An exact copy of the data is required. No picture may appear in it.

STORED DATA:
··········

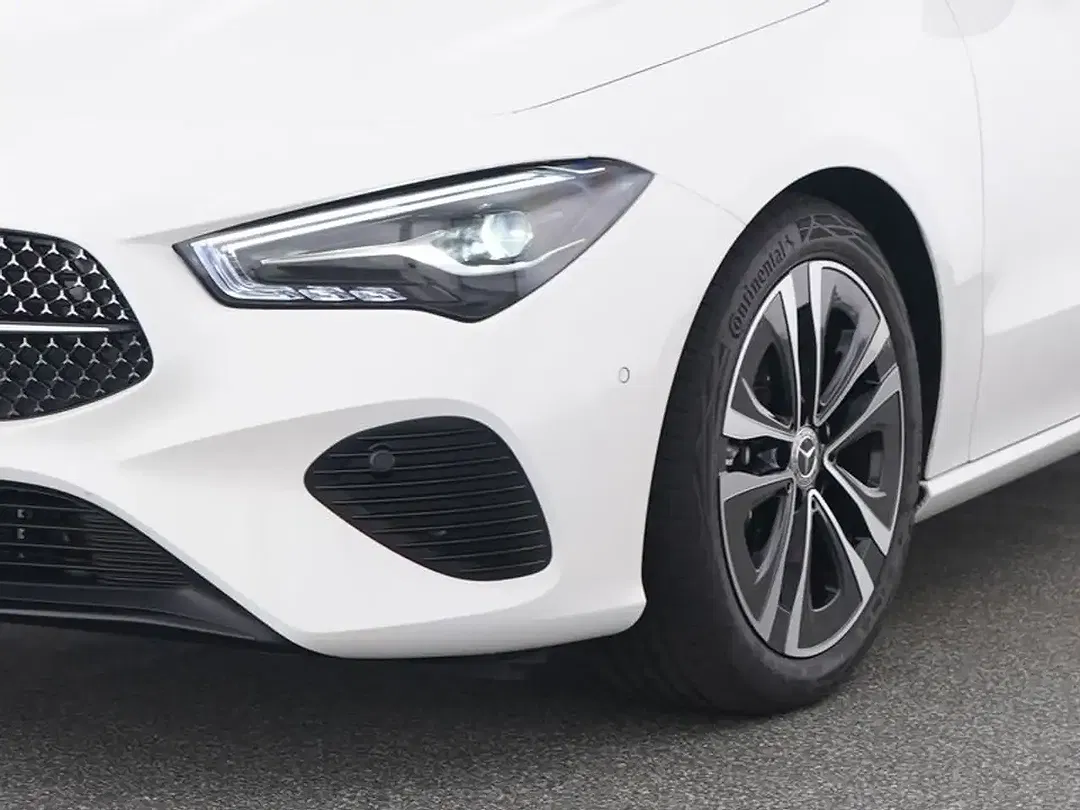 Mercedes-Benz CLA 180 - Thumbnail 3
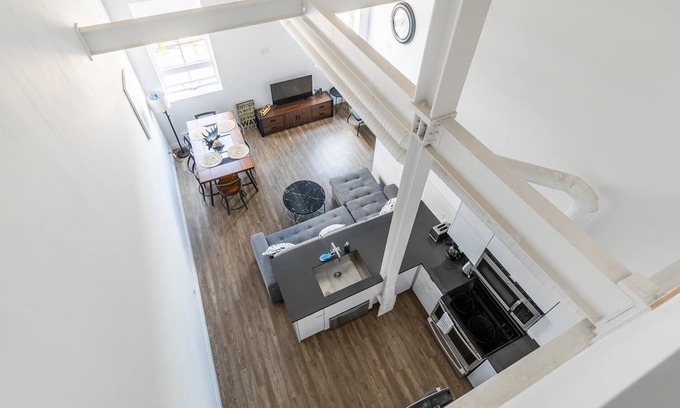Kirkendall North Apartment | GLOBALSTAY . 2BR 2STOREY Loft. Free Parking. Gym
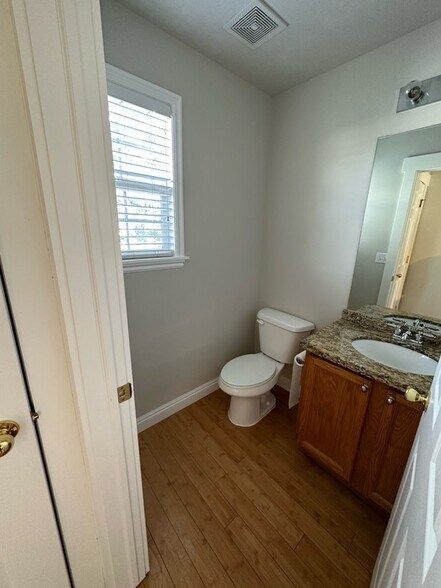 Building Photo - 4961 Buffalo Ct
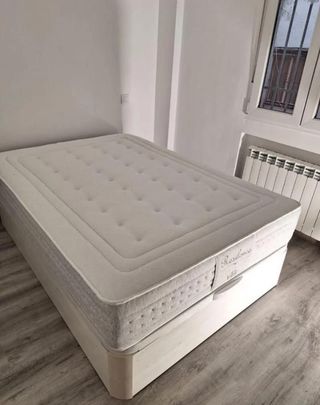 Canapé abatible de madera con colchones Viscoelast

··········

FINISHED TASK:
 Mercedes-Benz CLA 180 - Thumbnail 3
Kirkendall North Apartment | GLOBALSTAY . 2BR 2STOREY Loft. Free Parking. Gym
 Building Photo - 4961 Buffalo Ct
 Canapé abatible de madera con colchones Viscoelast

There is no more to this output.